As it is not straightforward to calculate the variances of these estimators, asymptotic equivalents of the variances derived using the Taylor approximation have been proposed in the literature. Details can be found here. In addition, a bootstrap approach can be used for variance estimation.

The function also allows variables selection using known methods that have been implemented to handle the integration of probability and non-probability sampling. In the presence of high-dimensional data, variable selection is important, because it can reduce the variability in the estimate that results from using irrelevant variables to build the model. Let \(\operatorname{U}\left( \boldsymbol{\theta}, \boldsymbol{\beta} \right)\) be the joint estimating function for \(\left( \boldsymbol{\theta}, \boldsymbol{\beta} \right)\). We define the penalized estimating functions as \[ \operatorname{U}^p \left(\boldsymbol{\theta}, \boldsymbol{\beta}\right) = \operatorname{U}\left(\boldsymbol{\theta}, \boldsymbol{\beta}\right) - \left\lbrace \begin{array}{c} q_{\lambda_\theta}(|\boldsymbol{\theta}|) \operatorname{sgn}(\boldsymbol{\theta}) \ q_{\lambda_\beta}(|\boldsymbol{\beta}|) \operatorname{sgn}(\boldsymbol{\beta}) \end{array} \right\rbrace, \] where \(\lambda_{\theta}\) and \(q_{\lambda_{\beta}}\) are some smooth functions. We let \(q_{\lambda} \left(x\right) = \frac{\partial p_{\lambda}}{\partial x}\), where \(p_{\lambda}\) is some penalization function. Details of penalization functions and techniques for solving this type of equation can be found here. To use the variable selection model, set the vars_selection parameter in the controlInf() function to TRUE. In addition, in the other control functions such as controlSel() and controlOut() you can set parameters for the selection of the relevant variables, such as the number of folds during cross-validation algorithm or the lambda value for penalizations. Details can be found in the documentation of the control functions for nonprob.

References

Kim JK, Park S, Chen Y, Wu C. Combining non-probability and probability survey samples through mass imputation.
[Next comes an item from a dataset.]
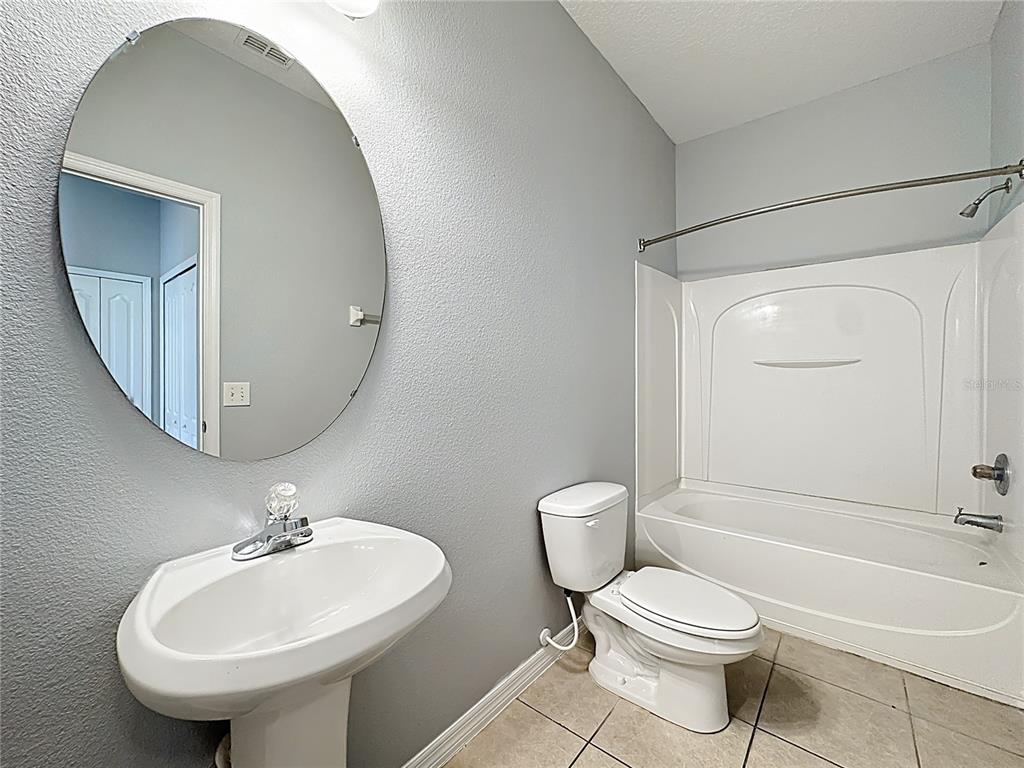 1500 Broken Oak Drive, Unit 25B Winter Garden, FL 34787 - Photo 40 of 62 a bathroom with a sink toilet and a mirror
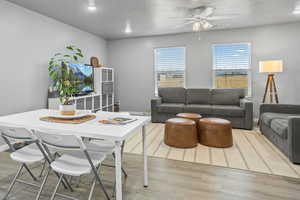 Living room featuring ceiling fan and hardwood / wood-style floors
J R Stat Soc Series A. 2021;184:941– 963.

Shu Yang, Jae Kwang Kim, Rui Song. Doubly robust inference when combining probability and non-probability samples with high dimensional data. J. R. Statist. Soc. B (2020)

Yilin Chen , Pengfei Li & Changbao Wu (2020) Doubly Robust Inference With Nonprobability Survey Samples, Journal of the American Statistical Association, 115:532, 2011-2021

Shu Yang, Jae Kwang Kim and Youngdeok Hwang Integration of data from probability surveys and big found data for finite population inference using mass imputation. Survey Methodology, June 2021 29 Vol. 47, No. 1, pp. 29-58

See also

stats::optim() -- For more information on the optim function used in the optim method of propensity score model fitting.

maxLik::maxLik() -- For more information on the maxLik function used in maxLik method of propensity score model fitting.

ncvreg::cv.ncvreg() -- For more information on the cv.ncvreg function used in variable selection for the outcome model.

nleqslv::nleqslv() -- For more information on the nleqslv function used in estimation process of the bias minimization approach.

stats::glm() -- For more information about the generalised linear models used during mass imputation process.

RANN::nn2() -- For more information about the nearest neighbour algorithm used during mass imputation process.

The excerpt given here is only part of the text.